# looking for advice - golden scared of kids



## Mssjnnfer (Aug 9, 2009)

When kids approach her, have them give her some treats.


----------



## Bender (Dec 30, 2008)

Find a school yard in your area that is fenced, with no gates for a long section. Then, use a clicker to do some basic things she knows quite well and practice there when school is letting out etc.. and there are lots of kids, but they're not likely to actually get close to her. Then one of the things you can work is having her look, then go to the fence with/without kids right there. 

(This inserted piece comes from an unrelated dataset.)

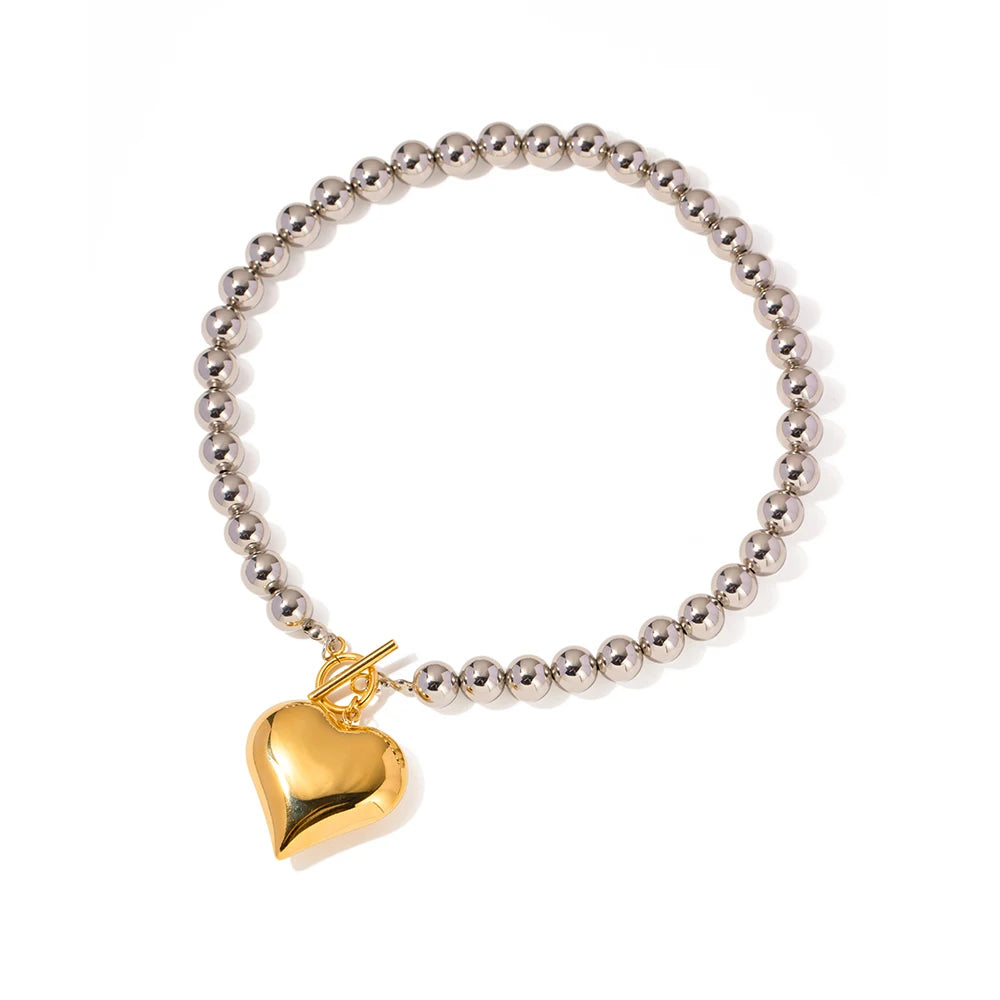Romantic Heart Pendant Necklace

I've done this with quite a few dogs and it works great, the dogs soon figure out that there is a ton of kids but they're not going to get too close to them (mainly used to teach the dog to ignore the kids instead of going up to play with them, but it would work for fear as well). 

Lana


----------



## AquaClaraCanines (Mar 5, 2006)

My Starlite has never been a fan of being rushed by groups of children, either. And parents see a Golden Retriever and instantly assume it's okay! Now he adores my son, but more so than the other dogs, he will get up and walk away if the baby crawls on him (which is fine, that's his right!). Some dogs love children, and some are just more wary.


----------



## FlyingQuizini (Oct 24, 2006)

Start with calm kids and YOU feed him treats as they calmly approach. His ability to continue to eat treats from YOU is your indicator as to how he's feeling. If he stops taking food, he's too stressed and you need to ask the kids to leave, or you turn and calmly get him out of there.

I don't like to have the "scary thing" feed b/c many dogs will rush up, snatch the treat and back away and some come in to get the food and then realize they're so close to teh scary thing and THEN freak out.


----------



## Loisiana (Jul 29, 2009)

You need to decide if you just want your dog comfortable in the presence of children, or if you want him to actually be comfortable interacting with them. I think this will dictate a lot of how you approach the training. 

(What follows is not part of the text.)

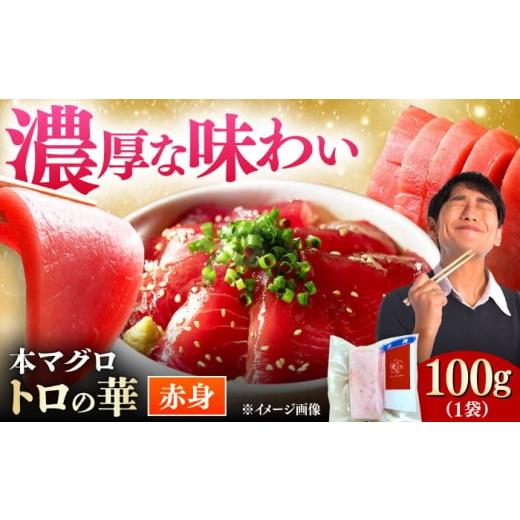ふるさと納税 マグロ 長崎県 対馬市 対馬産 本マグロ 赤身100g 対馬市 桐谷商店 トロの華 対馬 新鮮 マグロ 赤身 鮪 刺身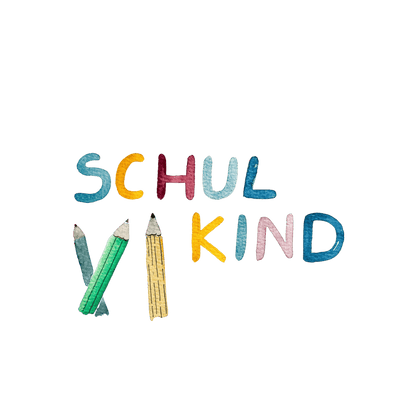 Bügelbild Schulkind Christinas Kartenkunst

If you just want your dog comfortable in the presence of kids, I would always have the reward come from you. The kids then just become a "distraction" for him to ignore. You can slowly work up to having kids pet him, but the reward would still come from you.

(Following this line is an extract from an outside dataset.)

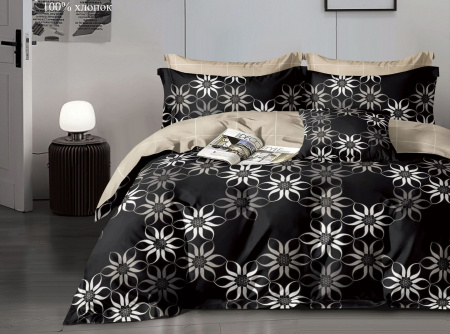 Комплект постельного белья, дуэт, поплин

The other approach would be to have the kids provide the reward. I would do this with a very slow process. Find some kids that are old enough and calm enough to follow directions. Give them some really yummy treats to hide in their hands or laps, and have them sit quietly on the ground. Any time the dog approaches the kid's area on her own, the child can give put out a treat for the dog. Do not have the kids talk to, pet, or even make eye contact with the dog. Once the dog learns that she can safely go up and get a treat without being bombard with kid craziness, you can very slowly start to increase the interaction between dog and kid. Start with child giving a soft "good girl," then later a gentle pat on the chest. The most difficult part is you have to find many different children over time that you can practice with, so the dog doesn't just think that one child is okay while others are still scary.


----------



## Lucky's mom (Nov 4, 2005)

Stuff every pocket you can find on a non-hyper kid with treats, ...so that they smell oh....so....pleasent....

I would go easy and slow though....a fearful dog is not a stable or predictable dog in my opinion.

Personally....I wouldn't let an unknown child in a park pet my frightened dog.


----------



## tennisball (Oct 14, 2009)

My golden didn't like young children either. It wasn't a problem, as I didn't know any young kids, until I started babysitting. Like the others said, treats work well, and I also let the little girl feed Cody his dinner  But the thing that made him fall for her was the brush. I gave her a brush and she'd brush him for an hour a day, he loved it!


----------